Paginya kabut masih tebal sehingga kami tidak dapat momen sunrise yang biasa menjadi incaran pada pendaki. Melihat matahari terbit dengan jelas merupakan salah satu tujuan dari mendaki gunung. Gunung guntur memiliki 3 puncak, puncak 1 adalah lokasi kami sekarang, tempat yang biasa digunakan untuk berkemah karena tempat yang datar dan pemandangan cukup bagus. Walau tidak dapat sunrise, kami tetap semangat untuk mendaki puncak 2. Perjalanan kurang lebih 20-30 menit dari camp kami, tidak lupa kami mengunci tenda sebelum berangkat, karena dari gosip yang kami dengar, kadang terjadi pencurian disini, bahkan bisa sampai diangkat, bayangkan saya jika kami kembali tapi tenda kami lenyap beserta isinya.

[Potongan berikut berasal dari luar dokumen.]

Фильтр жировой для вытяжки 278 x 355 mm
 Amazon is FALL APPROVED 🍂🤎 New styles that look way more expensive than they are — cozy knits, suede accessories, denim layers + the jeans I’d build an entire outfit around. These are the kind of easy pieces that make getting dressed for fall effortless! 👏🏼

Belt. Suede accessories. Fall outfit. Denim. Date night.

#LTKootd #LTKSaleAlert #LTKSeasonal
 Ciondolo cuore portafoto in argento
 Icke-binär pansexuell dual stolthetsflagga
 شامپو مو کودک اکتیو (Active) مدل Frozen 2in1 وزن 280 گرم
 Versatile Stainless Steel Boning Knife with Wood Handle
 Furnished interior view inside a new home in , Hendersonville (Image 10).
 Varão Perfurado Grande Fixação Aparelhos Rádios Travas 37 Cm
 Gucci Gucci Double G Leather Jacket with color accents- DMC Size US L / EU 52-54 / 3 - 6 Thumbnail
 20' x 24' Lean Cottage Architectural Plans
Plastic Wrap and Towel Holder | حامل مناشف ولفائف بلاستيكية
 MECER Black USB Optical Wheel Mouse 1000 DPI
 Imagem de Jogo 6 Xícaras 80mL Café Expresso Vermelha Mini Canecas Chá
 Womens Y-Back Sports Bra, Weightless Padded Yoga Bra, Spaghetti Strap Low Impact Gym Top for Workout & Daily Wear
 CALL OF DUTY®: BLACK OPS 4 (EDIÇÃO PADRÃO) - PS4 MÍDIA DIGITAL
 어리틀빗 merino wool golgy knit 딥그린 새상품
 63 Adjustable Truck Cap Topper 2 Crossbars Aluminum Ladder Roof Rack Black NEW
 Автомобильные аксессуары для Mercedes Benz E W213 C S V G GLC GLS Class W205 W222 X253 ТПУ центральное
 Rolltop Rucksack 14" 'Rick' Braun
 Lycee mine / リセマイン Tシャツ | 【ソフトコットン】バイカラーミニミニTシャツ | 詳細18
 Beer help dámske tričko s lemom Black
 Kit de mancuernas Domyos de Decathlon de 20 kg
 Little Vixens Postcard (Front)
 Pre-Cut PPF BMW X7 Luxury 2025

Sesampainya di puncak 2, kami melakukan foto-foto dan mengobrol santai, tadinya kami mau sekalian ke puncak 3, namun karena waktu yang mepet, niat itu kami urungkan. Setelahnya, kami turun dan packing untuk pulang. Setelah itu kami turun dan bertemu kembali dengan rombongan TR, tidak lupa kami mengucap salam karena telah memandu kami. Selanjutnya kami pulang menuju terminal kp rambutan dengan menggunakan bis malam.
Sebenarnya pada perjalanan ke gunung Guntur ada kejadian cukup berkesan yang saya alami bersama teman wanita satu kelompok, namun kejadian itu tidak dapat saya ceritakan disini karena dapat berefek timbulnya rasa iri di hati pembaca. Sekian.